# Can I freeze pasta salad?



## Constance

I made enough pasta salad for an army last weekend. We're getting a little tired of it, but it's so good, I hate to throw it out.
It's dressed with Italian Vinaigrette, and the only fresh things in it are the peppers and onions. Other ingredients are venison salami, green & black olives, artichoke hearts, and canned tomatoes.


----------



## Alix

I don't think it would work well Constance. Maybe there is a neighbor you could share with? Or a homeless shelter that needs extra?


----------



## urmaniac13

The texture of the pasta will never be the same once frozen.  It can be okay if it is something like lasagne, but with pasta salad, pasta themselves are too prominent and the change in their texture will be too noticeable... I wouldn't freeze them, just send it over here I will finish it out for you 

(maybe you can invite a few friends for lunch?)


----------



## Seven S

like they said, the texture of the pasta will change, however, it can be done if you really need to and it will be edible provided the pasta was cooked al dente to begin with... not the best of textures when thawed, just pick your audience well!!!


----------



## Constance

That's kinda what I thought, y'all. I'll call my daughter and have her pick some up after work. 
We're having a big cook-out Sunday...probably will have 15 or more people. The pasta salad would be good for that, but I made it last Friday. It keeps well, but that would be 9 days, and I'm afraid it might be pushing the limits a little to far.


----------



## mish

Yes, you can freeze the pasta salad in a zip-lock, with all the air pushed out. Since you made it Friday, and it's not frozen yet, dump it.


----------



## Constance

OK, Mish. I just had some for lunch, and it was OK, but I guess it might be getting a little furred over. Besides, I've picked all the artichoke hearts out of it.


----------



## mish

Constance said:
			
		

> OK, Mish. I just had some for lunch, and it was OK, but I guess it might be getting a little furred over. Besides, I've picked all the artichoke hearts out of it.


 
Are you sure those green furry things were artichokes, Connie? lol, j/k.  The venison had me a little worried.  You reminded me, I have some frozen chicken in the back of the freezer, from I can't remember when.  I keep forgetting about it, because I keep piling new stuff in.  It might just fly out the next time I open the freezer door.


----------



## Constance

I know, Mish...I just hate to throw away food. I am talking about the deep freeze here. It doesn't get opened that much, and we do package our food well, so it holds up quite a while longer than the stuff in our refrigerator freezer. I've gotten by with some pretty old pot roasts, as long as I cooked them low, slow and juicy. 
But I didn't realize how much the taste of the venison would be altered! We've never had any strong tasting venison before. Kim said it was pretty bad. 
I've also learned over time that cooked chicken, turkey and pork don't last well, no matter how you package them. After a month or so, the meat takes on a funky taste that I notice, but my husband does not. 
On the other hand, browned burger or sausage keep pretty well. Maybe it's because they generally go in a tomato sause when thawed. 

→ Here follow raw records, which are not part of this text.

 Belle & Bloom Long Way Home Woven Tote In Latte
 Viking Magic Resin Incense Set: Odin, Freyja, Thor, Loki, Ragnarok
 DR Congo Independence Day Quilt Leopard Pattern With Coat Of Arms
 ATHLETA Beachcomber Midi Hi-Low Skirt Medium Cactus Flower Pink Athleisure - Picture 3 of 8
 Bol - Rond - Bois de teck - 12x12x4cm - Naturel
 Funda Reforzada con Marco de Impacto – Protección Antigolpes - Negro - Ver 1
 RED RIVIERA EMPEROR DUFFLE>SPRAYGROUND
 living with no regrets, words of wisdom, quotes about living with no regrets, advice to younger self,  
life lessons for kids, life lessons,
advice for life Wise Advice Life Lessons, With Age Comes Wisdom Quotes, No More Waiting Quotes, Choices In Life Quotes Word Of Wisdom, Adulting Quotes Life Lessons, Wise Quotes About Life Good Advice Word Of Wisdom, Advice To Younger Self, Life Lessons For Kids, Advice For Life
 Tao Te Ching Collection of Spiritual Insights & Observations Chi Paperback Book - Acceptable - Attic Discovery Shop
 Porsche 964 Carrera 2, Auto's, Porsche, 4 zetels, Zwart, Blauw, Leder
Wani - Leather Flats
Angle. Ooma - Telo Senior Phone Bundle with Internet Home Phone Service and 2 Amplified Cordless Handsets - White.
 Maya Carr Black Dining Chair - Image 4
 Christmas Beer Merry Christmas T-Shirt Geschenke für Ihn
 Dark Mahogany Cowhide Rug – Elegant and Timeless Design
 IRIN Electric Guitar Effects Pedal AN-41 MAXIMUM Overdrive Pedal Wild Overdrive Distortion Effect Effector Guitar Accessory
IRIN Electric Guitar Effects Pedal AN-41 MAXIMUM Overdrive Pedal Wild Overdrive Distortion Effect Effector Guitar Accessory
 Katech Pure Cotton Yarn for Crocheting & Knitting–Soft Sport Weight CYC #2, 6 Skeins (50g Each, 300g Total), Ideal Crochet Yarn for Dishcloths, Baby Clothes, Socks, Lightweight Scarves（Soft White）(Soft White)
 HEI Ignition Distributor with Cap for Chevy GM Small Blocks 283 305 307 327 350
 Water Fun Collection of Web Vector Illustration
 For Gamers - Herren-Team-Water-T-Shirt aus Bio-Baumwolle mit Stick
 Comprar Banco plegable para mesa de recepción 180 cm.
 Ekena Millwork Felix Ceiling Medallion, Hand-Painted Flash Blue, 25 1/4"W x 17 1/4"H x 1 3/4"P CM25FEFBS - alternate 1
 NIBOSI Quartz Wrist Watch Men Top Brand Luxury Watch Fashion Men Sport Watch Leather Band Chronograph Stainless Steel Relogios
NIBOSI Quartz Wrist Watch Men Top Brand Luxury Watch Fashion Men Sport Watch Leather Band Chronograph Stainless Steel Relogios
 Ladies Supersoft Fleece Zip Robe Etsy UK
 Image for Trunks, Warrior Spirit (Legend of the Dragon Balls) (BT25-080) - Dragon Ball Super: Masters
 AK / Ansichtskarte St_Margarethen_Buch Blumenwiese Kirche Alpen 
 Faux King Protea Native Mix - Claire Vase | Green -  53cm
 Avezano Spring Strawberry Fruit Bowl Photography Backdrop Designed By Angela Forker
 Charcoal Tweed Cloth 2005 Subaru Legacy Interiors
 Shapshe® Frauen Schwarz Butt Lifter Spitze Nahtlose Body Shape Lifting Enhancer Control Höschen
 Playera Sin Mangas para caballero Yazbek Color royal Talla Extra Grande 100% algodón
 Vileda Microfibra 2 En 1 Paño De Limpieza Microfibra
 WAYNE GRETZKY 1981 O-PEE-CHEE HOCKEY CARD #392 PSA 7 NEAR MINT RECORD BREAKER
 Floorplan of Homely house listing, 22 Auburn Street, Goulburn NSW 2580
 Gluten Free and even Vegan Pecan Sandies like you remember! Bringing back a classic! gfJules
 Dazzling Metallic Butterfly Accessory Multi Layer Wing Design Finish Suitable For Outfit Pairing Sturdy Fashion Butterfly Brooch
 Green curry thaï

Like you, my friend, I need to clean out both my freezers. I have a big plastic bag in there with 2 packages each of balogna, turkey sausage, and ground turkey that are at least three years old, maybe four. I think there's also a little venison sausage (brats & Italian) that is going on 2 years old. 

I wonder, if I take that stuff out to the pound, if they will feed it to their big dogs. We have a really sweet dog catcher who loves animals, and will keep a healthy animal forever.


----------



## mish

Hee hee. My pantry and freezer look like I'm preparing for the Y2K, again. Last weekend I cleaned out (some) of the closets. Maybe this weekend the freezer   I might find Jimmy Hoffa in there. lol.


----------